MapReduce-MPI WWW Site - MapReduce-MPI Documentation

Writing a MapReduce program

The usual way to use the MR-MPI library is to write a small main program that calls the library. In C++, your program includes two library header files and uses the MapReduce namespace:

#include "mapreduce.h"
#include "keyvalue.h"
using namespace MAPREDUCE_NS 

Follow these links for info on using the library from a C program or from a Python program.

Arguments to the library's map() and reduce() methods include function pointers to serial "mymap" and "myreduce" functions in your code (named anything you wish), which will be "called back to" from the library as it performs the parallel map and reduce operations.

A typical simple MapReduce program involves these steps:

MapReduce *mr = new MapReduce(MPI_COMM_WORLD);   // instantiate an MR object
mr->map(nfiles,&mymap);                          // parallel map
mr->collate()                                    // collate keys
mr->reduce(&myreduce);                           // parallel reduce
delete mr;                                       // delete the MR object 

The main program you write may be no more complicated than this. The API for the MR-MPI library is a handful of methods which are components of a MapReduce operation. They can be combined in more complex sequences of calls than listed above. For example, one map() may be followed by several reduce() operations to massage your data in a desired way. Output of final results is typically performed as part of a myreduce() function you write which executes on one or more processors and writes to a file(s) or the screen.

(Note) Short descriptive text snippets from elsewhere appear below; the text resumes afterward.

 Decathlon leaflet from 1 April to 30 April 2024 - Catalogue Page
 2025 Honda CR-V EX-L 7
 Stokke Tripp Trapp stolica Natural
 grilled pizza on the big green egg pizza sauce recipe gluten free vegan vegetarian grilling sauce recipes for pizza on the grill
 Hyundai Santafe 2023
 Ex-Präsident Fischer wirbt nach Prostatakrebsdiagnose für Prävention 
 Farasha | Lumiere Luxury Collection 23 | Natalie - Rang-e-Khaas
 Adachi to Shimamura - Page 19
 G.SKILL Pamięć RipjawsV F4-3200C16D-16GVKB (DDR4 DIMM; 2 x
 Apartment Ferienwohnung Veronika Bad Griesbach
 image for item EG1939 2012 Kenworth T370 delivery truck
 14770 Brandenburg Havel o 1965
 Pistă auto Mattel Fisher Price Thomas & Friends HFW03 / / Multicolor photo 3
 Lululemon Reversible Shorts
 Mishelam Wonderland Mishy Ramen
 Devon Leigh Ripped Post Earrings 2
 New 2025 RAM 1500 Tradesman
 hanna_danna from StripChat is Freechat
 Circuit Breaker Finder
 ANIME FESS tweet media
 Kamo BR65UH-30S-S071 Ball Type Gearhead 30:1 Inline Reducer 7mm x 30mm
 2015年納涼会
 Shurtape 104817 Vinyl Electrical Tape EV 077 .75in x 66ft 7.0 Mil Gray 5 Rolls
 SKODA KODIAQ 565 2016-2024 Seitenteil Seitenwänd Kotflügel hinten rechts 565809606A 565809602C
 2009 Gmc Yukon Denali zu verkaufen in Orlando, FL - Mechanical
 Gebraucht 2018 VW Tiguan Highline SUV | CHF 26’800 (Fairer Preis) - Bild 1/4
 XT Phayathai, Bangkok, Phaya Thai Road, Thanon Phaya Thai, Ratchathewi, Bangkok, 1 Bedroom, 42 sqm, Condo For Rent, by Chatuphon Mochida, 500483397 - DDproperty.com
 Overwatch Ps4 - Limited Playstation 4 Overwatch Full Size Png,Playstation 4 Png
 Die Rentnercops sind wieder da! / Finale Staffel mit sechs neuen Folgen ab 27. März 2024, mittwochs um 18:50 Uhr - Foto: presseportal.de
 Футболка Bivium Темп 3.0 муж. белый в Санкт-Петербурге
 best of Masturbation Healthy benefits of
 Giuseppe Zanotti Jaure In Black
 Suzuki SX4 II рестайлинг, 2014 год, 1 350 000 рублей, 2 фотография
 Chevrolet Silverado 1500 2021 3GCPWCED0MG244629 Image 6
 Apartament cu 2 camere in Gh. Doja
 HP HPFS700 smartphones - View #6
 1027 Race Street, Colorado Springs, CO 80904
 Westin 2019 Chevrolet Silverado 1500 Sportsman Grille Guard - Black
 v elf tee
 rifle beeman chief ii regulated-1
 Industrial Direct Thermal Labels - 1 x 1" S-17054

The MR-MPI library operates on "keys" and "values" which are generated and manipulated by your mymap() and myreduce() functions. A key and a value are simply byte strings of arbitrary length which are logically associated with each other, and can thus represent anything you wish. For example, a key can be a text string or a particle or grid cell ID. A value can be one or more numeric values or a text string or a composite data structure that you create.